HARIAN MERAPI - Ki Ageng Kedu alias Ki Ageng Makukuhan berangkat menuju ke wilayah Kedu diikuti Bah Beo dan Bah Gedruk yang selalu setia.
Mereka bertiga mengendarai kuda. Ketika sampai di desa Bengkal mereka beristirahat. Tiba-tiba di kejauhan tampak ada seorang pemuda berkuda yang larinya sangat cepat.
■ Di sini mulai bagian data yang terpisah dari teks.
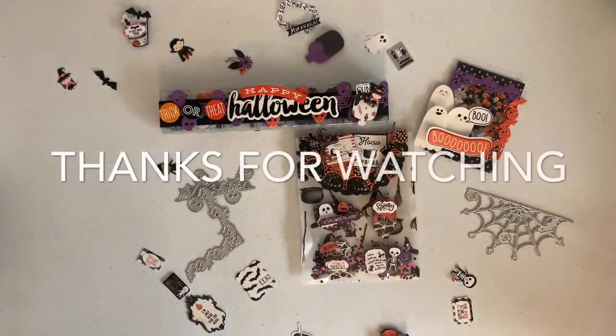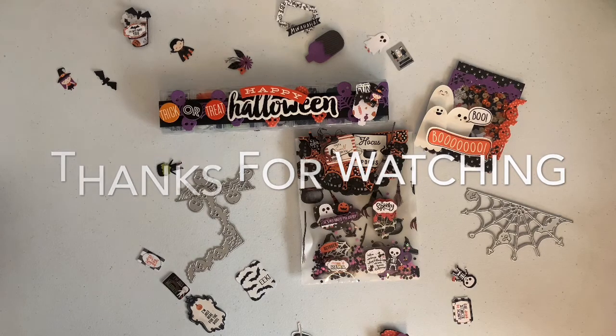If you guys are interested in any of these dies, I'll leave the link down below — check the description box. There's also going to be a 15% off coupon for you guys to use. That is it from our project share for today. Thank you for stopping by and I'll catch you guys on the next one.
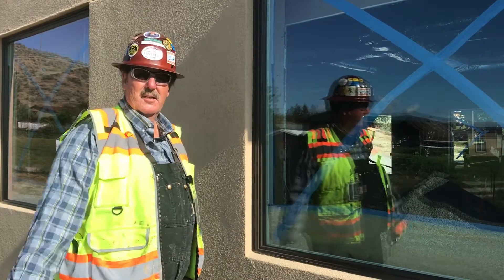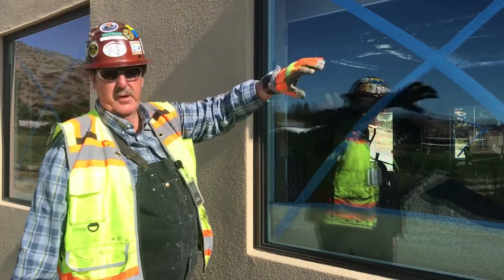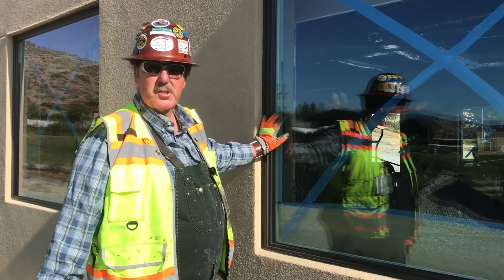Welcome back to the project. As you recall, last week we caulked all the window frames without any tape, without any masking. Made it all look pretty — the extension of the window frame. All the lines are nice and straight.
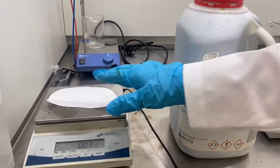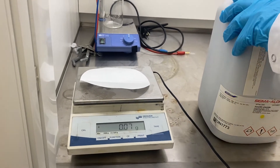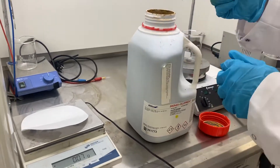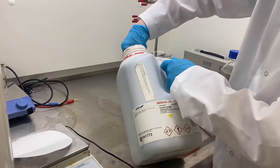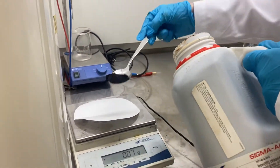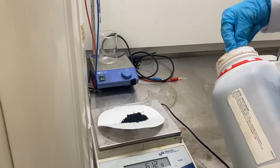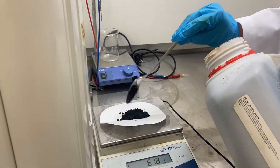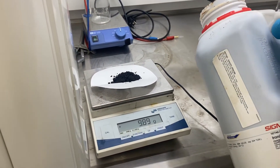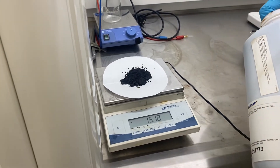I'm going to weigh some of this out on filter paper on the balance. Taking the top off the bottle and using a regular spoon to start getting some out. It's a dark brown powder — that's 6 grams, a bit more, okay that's 10 grams, a little bit more. It needs to be quite strong to do this, so I'll take it up to about 20 grams.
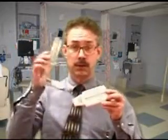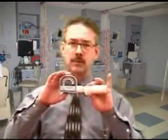This presentation is on performing and instructing your patient to do a peak flow. There are many different styles of peak flow meters. These are some of them. The one that we're going to use today is this one.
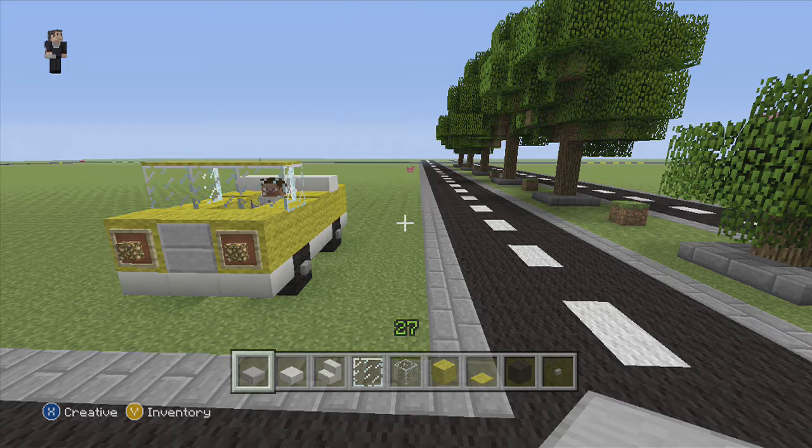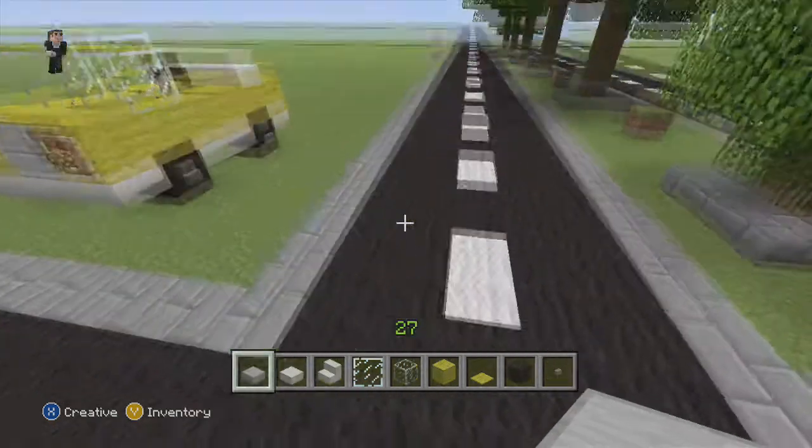What we need for the convertible is stone slab, quartz slab, quartz stairs, glass pane, glass block, yellow wool, yellow carpet, black wool, and a button.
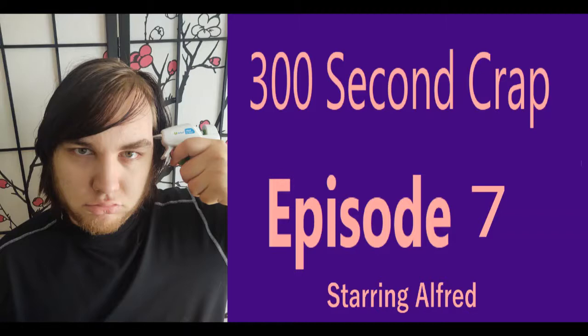Here we are on the second to last episode in the first season of 300 Second Crap. I of course don't know if I intend to produce a second season. I feel like the first one, even these few episodes, have done an excellent job of just exercising the demon that is life hacks from my life.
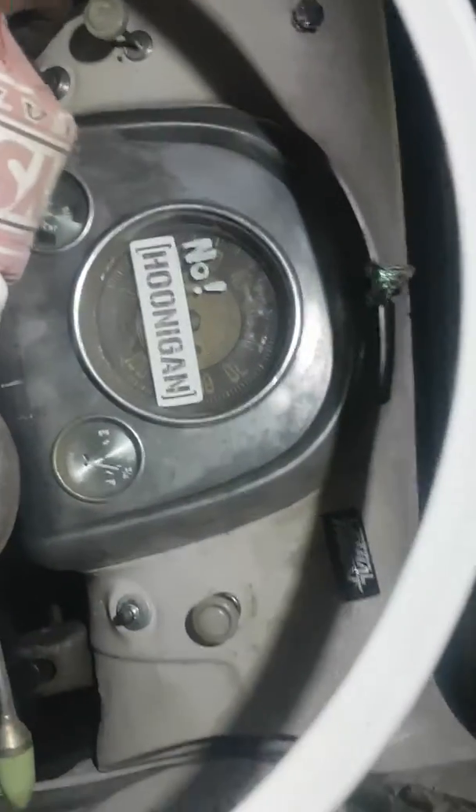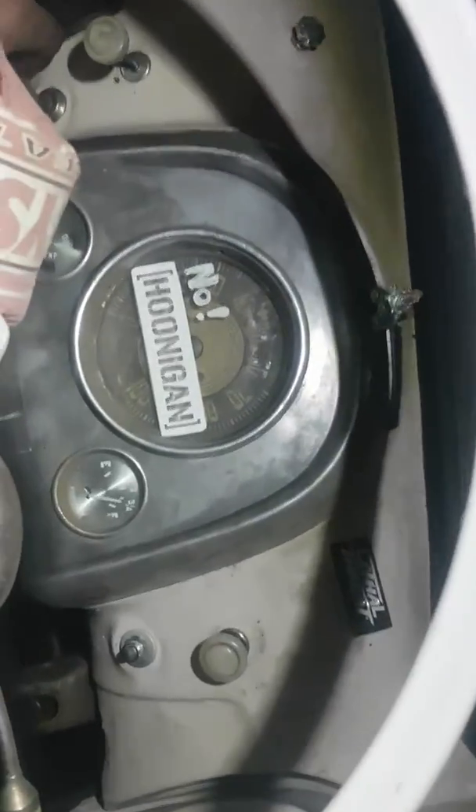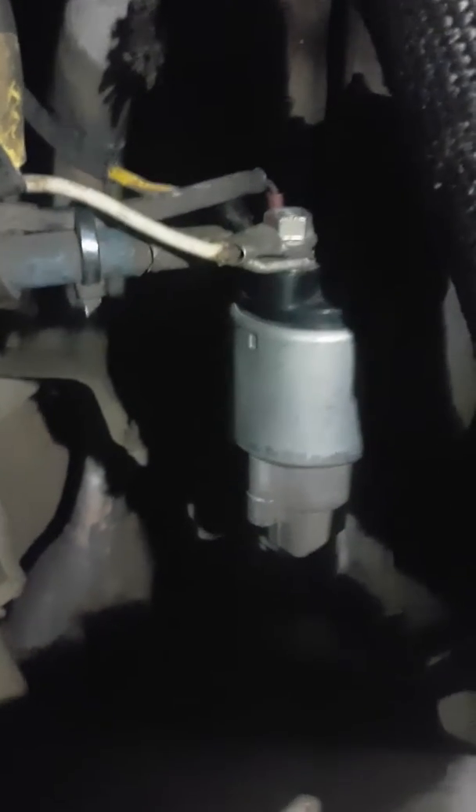There you go. Grey motor, red Commodore starter motor. There's your grey with a solenoid off a Barra Falcon engine. He gets them from the wreckers because you can't get the starter motor off a Falcon. And there are no red motors left around to get a solenoid from — it's exactly the same solenoid, same part number.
Ketika pemuda itu sampai di tempat Ki Ageng Kedu dan pengikutnya beristirahat, Bah Gedruk mencoba menghentikannya. Namun, pemuda itu tidak mempedulikan, bahkan dia memacu lari kudanya.
Baca Juga: Ki Ageng Makukuhan sosok penyebar agama Islam di kawasan Gunung Sumbing - Sindoro
Sikap pemuda itu tampak sombong dan tidak memiliki etika atau tata krama. Kuda yang dipacu itu menimbulkan debu beterbangan menerpa dahi dan muka mereka bertiga.
Melihat kejadian ini Ki Ageng Kedu tersenyum dan berniat untuk membuat malu
pemuda itu.
Dia membaca mantra, kuda yang dinaiki pemuda itu yang semula lari ke arah barat, berbalik ke arah timur di luar kendalinya. Dan kuda itu berhenti di hadapan Ki Ageng Kedu, tanpa ditarik kendalinya. Si pemuda itu merasa heran atas kejadian ini.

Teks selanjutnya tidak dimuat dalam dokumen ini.